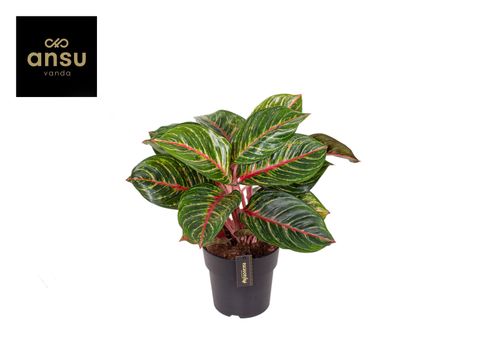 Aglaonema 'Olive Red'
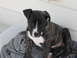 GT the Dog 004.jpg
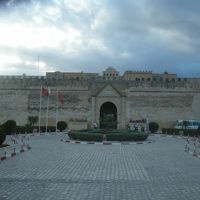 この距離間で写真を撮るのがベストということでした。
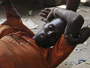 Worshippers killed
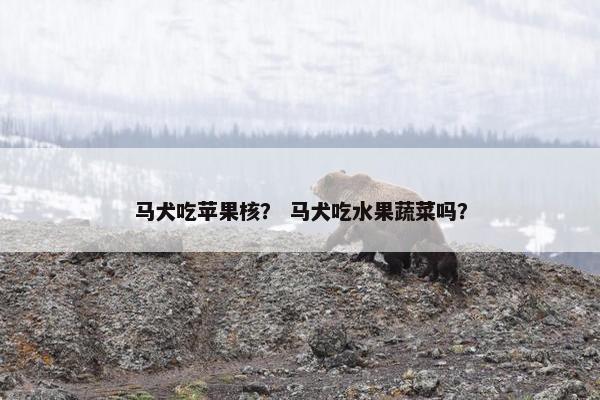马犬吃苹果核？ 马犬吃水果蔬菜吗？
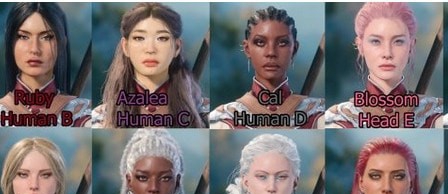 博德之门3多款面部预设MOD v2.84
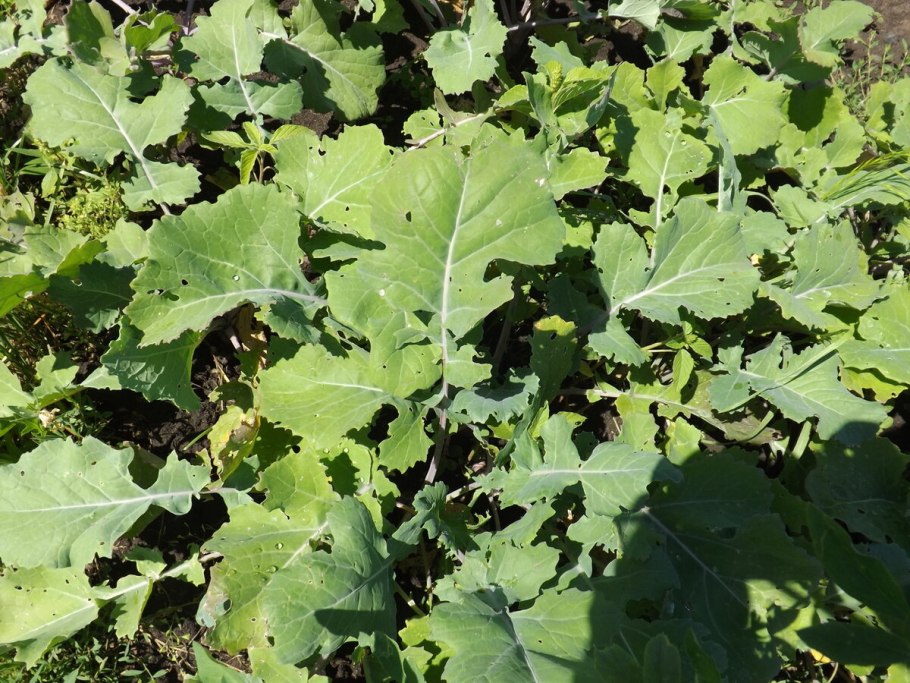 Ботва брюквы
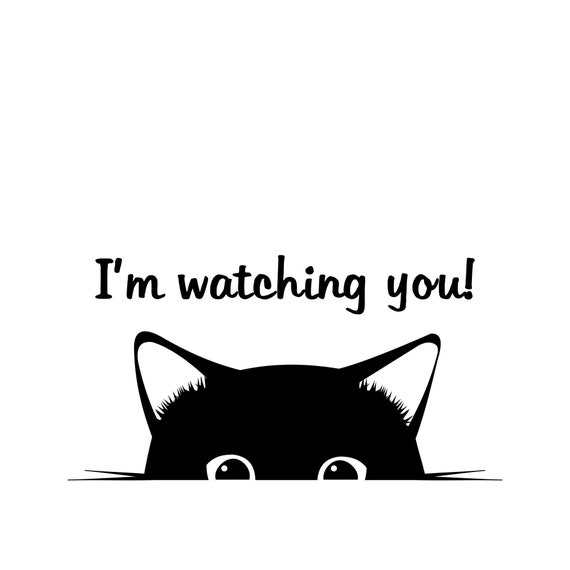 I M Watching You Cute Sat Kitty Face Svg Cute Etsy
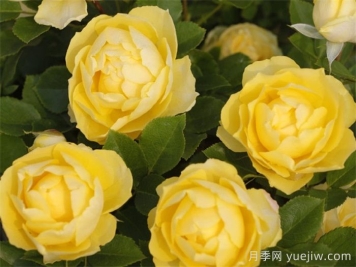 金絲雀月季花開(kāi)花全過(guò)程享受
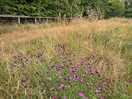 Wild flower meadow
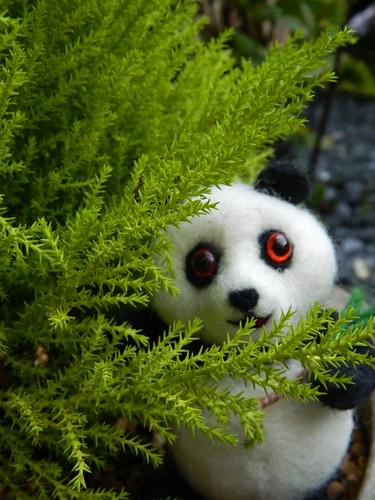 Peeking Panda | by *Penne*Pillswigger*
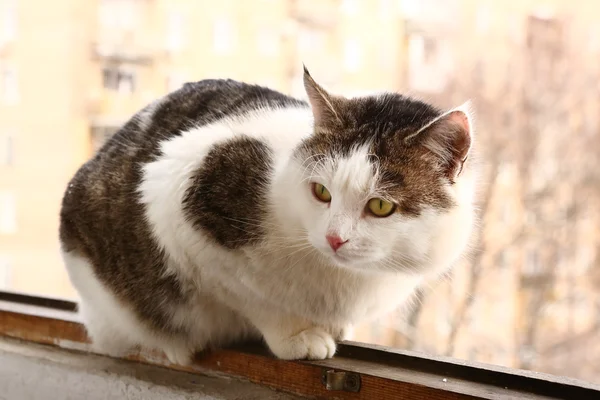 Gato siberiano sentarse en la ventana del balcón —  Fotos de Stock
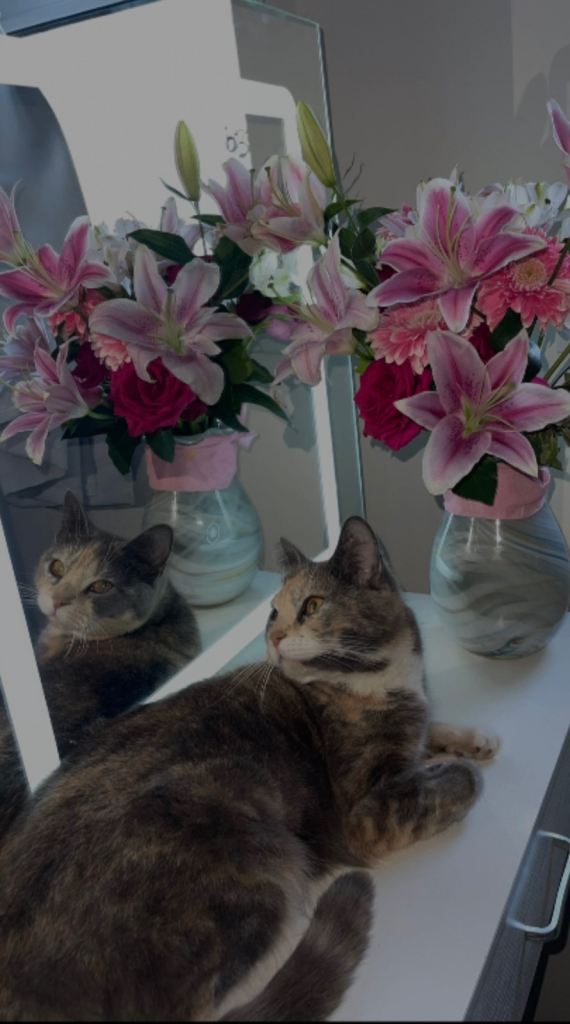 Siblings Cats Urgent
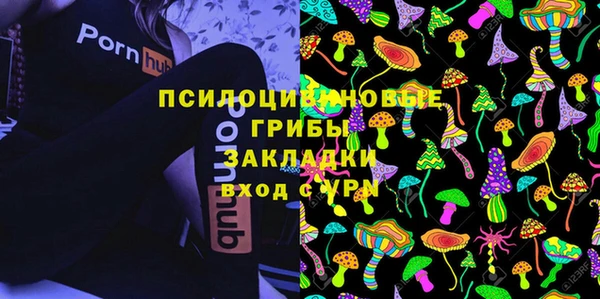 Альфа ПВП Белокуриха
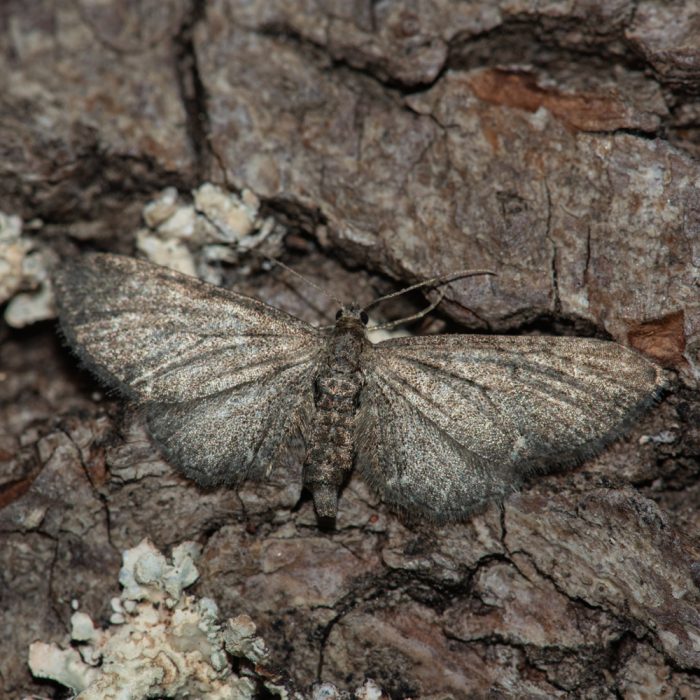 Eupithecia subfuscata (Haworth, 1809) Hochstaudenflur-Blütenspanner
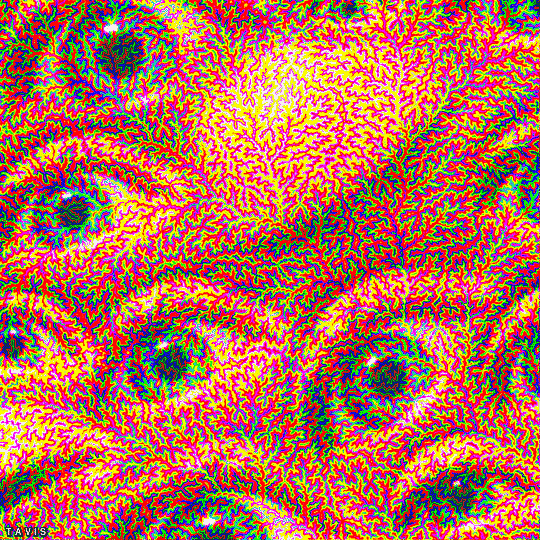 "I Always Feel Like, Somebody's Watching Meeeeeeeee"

+++++

● **Work required**: The copy should hold exactly the lines from the line containing "马犬吃苹果核？ 马犬吃水果蔬菜吗？" through the last line of the records, both included, and no pictures or other lines.

● **Your response**:
马犬吃苹果核？ 马犬吃水果蔬菜吗？
 博德之门3多款面部预设MOD v2.84
 Ботва брюквы
 I M Watching You Cute Sat Kitty Face Svg Cute Etsy
 金絲雀月季花開(kāi)花全過(guò)程享受
 Wild flower meadow
 Peeking Panda | by *Penne*Pillswigger*
 Gato siberiano sentarse en la ventana del balcón —  Fotos de Stock
 Siblings Cats Urgent
 Альфа ПВП Белокуриха
 Eupithecia subfuscata (Haworth, 1809) Hochstaudenflur-Blütenspanner
 "I Always Feel Like, Somebody's Watching Meeeeeeeee"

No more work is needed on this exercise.